Слон же ждал его, поводя длинным хоботом во все стороны, но при входе Долгожива не взметался, как при входе других делал. И так дал ему высыпать корзину риса и кормежный напол и выйти благополучно вон; а когда Долгожив принес с песнею вторую корзину, то слон стал ушами хлопать от радости, а когда третью принес, то слон согнул свой хобот и начал им Долгожива ласкать и поглаживать.
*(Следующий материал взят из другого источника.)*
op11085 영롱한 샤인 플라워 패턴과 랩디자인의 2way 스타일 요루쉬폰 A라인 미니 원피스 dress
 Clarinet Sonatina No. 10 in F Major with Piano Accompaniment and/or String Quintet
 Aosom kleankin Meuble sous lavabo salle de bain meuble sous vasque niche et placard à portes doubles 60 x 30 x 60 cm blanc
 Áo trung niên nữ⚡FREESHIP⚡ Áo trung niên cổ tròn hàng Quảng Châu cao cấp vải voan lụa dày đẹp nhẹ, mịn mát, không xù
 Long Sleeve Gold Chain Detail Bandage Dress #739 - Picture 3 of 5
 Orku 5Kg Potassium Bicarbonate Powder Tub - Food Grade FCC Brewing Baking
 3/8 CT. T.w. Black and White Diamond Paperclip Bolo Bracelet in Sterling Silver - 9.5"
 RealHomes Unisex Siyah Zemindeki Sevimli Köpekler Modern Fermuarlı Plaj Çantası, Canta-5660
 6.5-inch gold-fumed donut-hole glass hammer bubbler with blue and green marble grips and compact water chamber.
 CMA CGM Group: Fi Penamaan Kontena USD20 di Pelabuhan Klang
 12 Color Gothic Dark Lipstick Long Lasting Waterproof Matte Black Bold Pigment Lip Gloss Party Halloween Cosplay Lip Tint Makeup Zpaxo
Доложили об этом царю Брамадате, и тот захотел сам увидать Долгожива и велел ему при себе свои песни спеть, и пение Долгоживово сразу царю Брамадате понравилось, и полюбил он молодого приставника и за ясный взгляд его лица, и за мужественную смелость, и за чудесное пение. И сказал Брамадата, бенаресский царь, Долгоживу:
– Быть тебе при моем могучем, диком слоне приставником и получать всякого жалованья против всех других больше вчетверо, а есть и пить с моего стола, а как уберешься в слонечне, обрядив слона, то скидавай с себя платье приставничье и надевай на себя лучшее платье, которое я тебе с своего плеча сошью, и приходи ко мне всякий день, чтобы предо мною петь и со мною разговаривать.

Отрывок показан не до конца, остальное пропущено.